→ **Exercise instructions**: A word-for-word copy is needed of the line containing "Dsquared2 Men's 'Denim-Panel' Sweatpants" and every line after it through the end of the records below, leaving out all pictures.

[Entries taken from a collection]
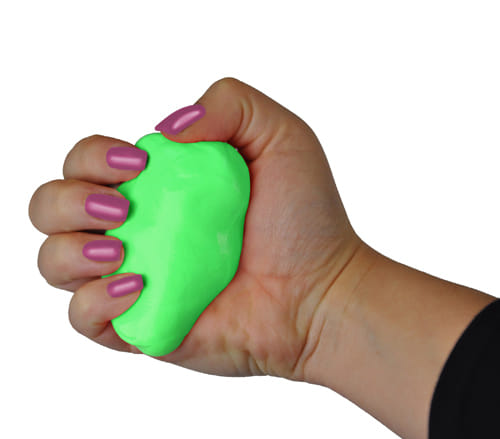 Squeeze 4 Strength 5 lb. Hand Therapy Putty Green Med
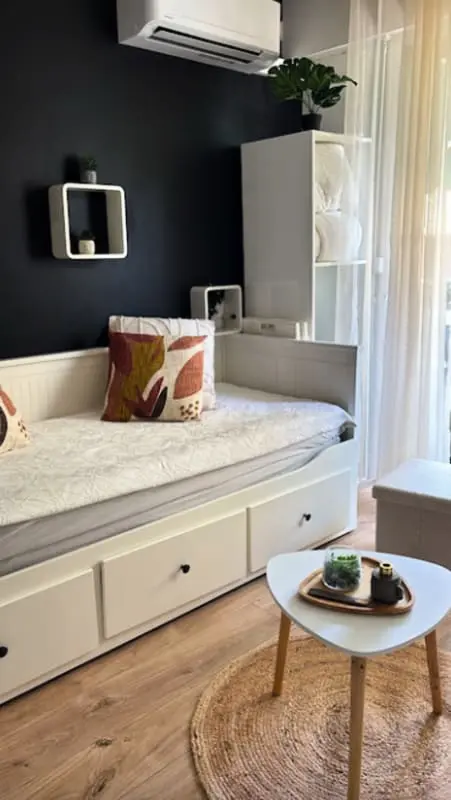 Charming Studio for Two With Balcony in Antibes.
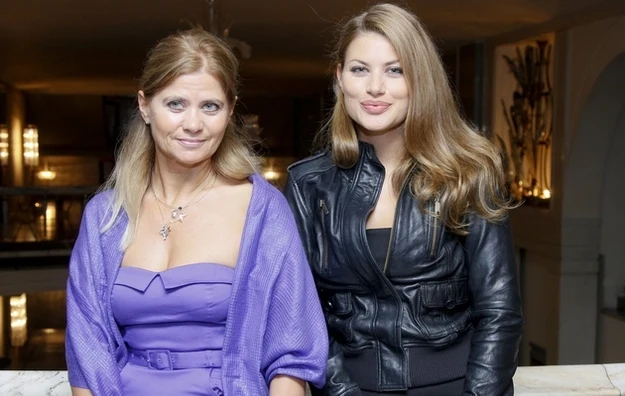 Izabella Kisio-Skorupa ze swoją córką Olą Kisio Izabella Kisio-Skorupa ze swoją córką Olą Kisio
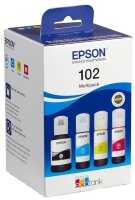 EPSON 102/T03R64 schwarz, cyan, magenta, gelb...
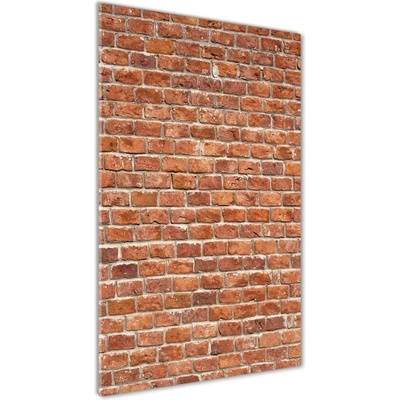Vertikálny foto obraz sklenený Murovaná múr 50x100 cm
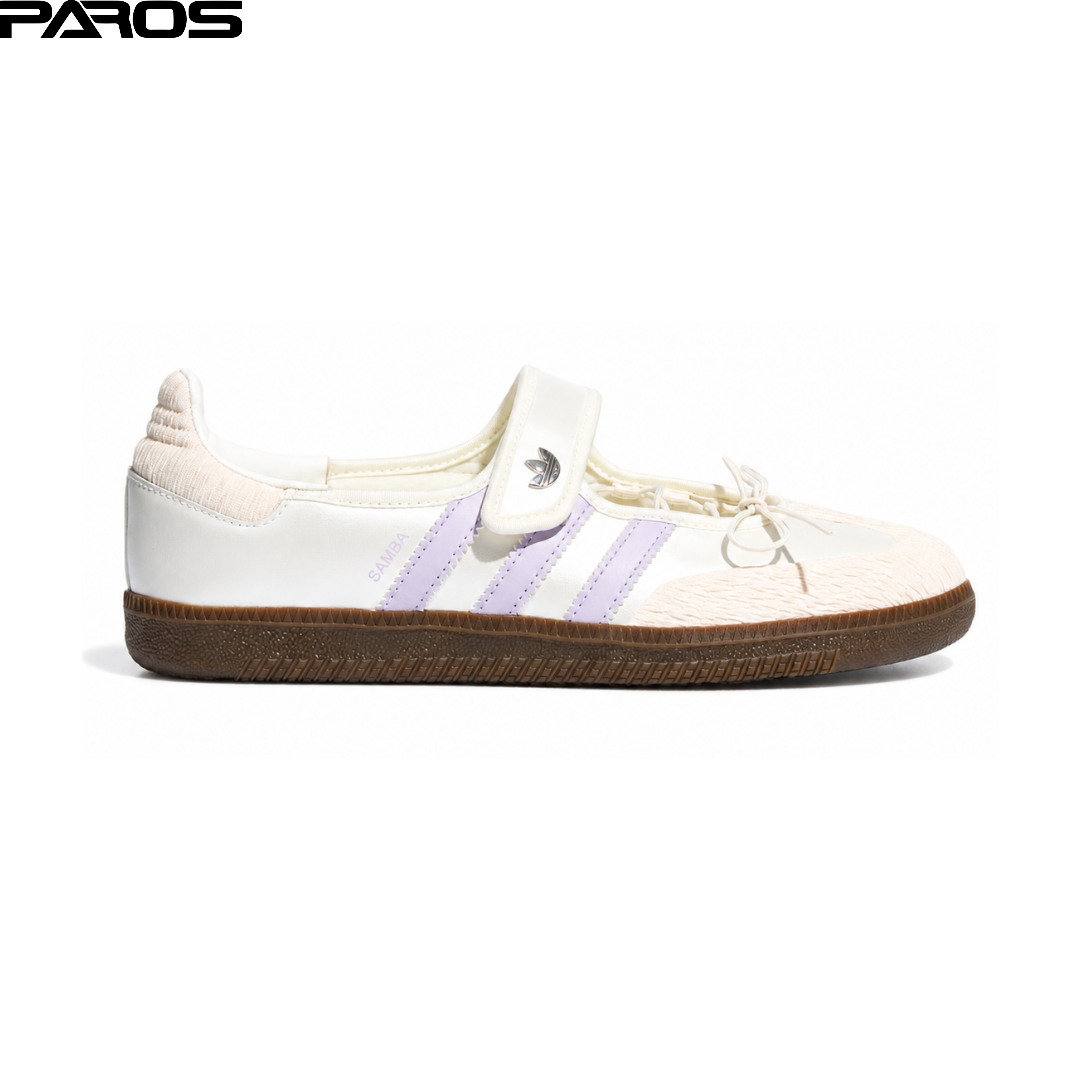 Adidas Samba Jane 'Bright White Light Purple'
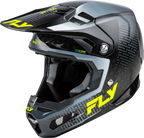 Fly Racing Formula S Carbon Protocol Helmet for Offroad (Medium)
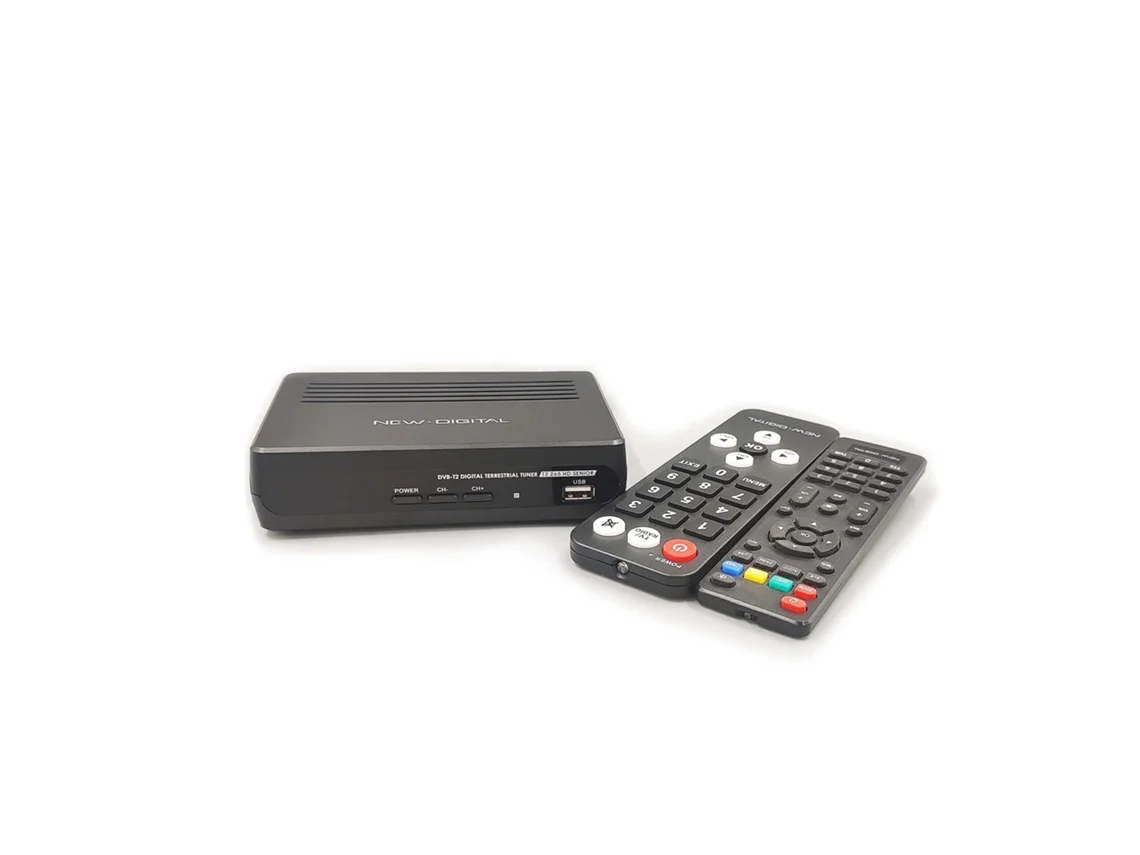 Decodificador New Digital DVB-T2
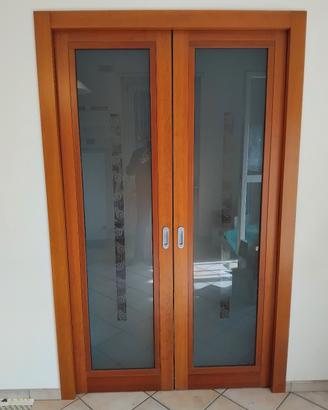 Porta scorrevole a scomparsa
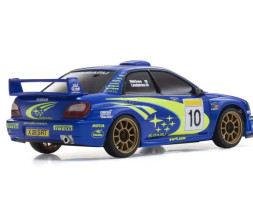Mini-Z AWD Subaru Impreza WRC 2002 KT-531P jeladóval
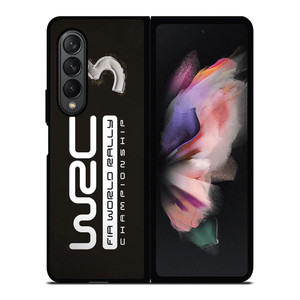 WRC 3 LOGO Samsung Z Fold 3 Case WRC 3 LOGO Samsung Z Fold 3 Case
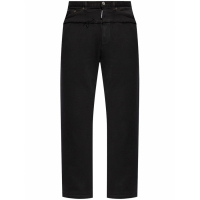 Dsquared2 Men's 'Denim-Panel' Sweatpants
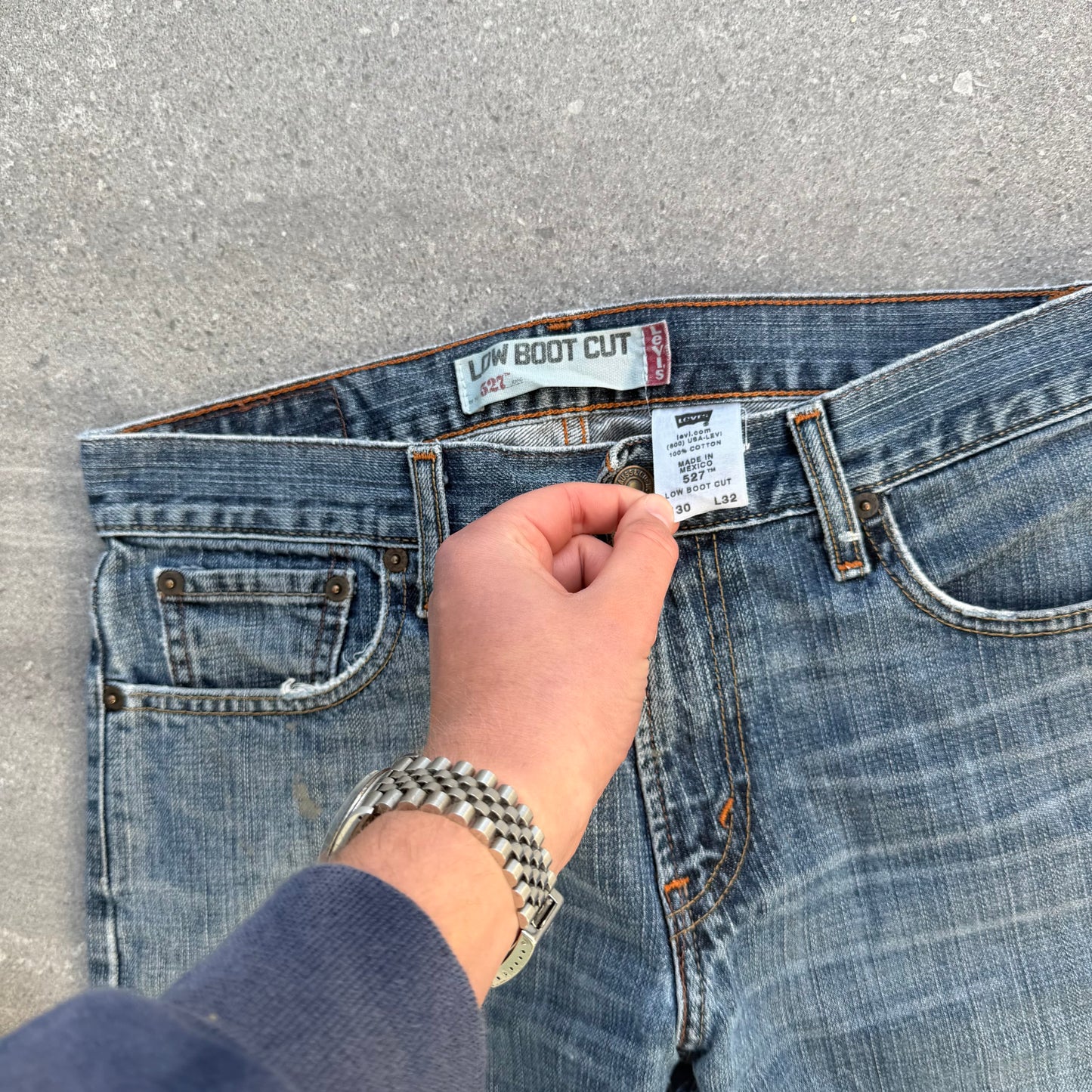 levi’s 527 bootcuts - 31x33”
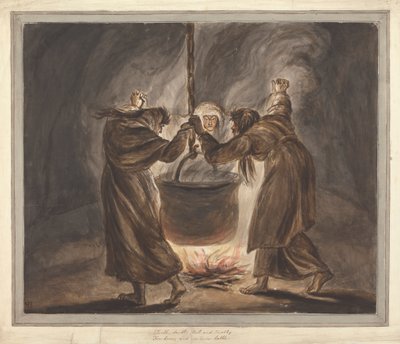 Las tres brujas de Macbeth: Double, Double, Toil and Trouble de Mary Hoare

→ **Worked solution**:
 Dsquared2 Men's 'Denim-Panel' Sweatpants
 levi’s 527 bootcuts - 31x33”
 Las tres brujas de Macbeth: Double, Double, Toil and Trouble de Mary Hoare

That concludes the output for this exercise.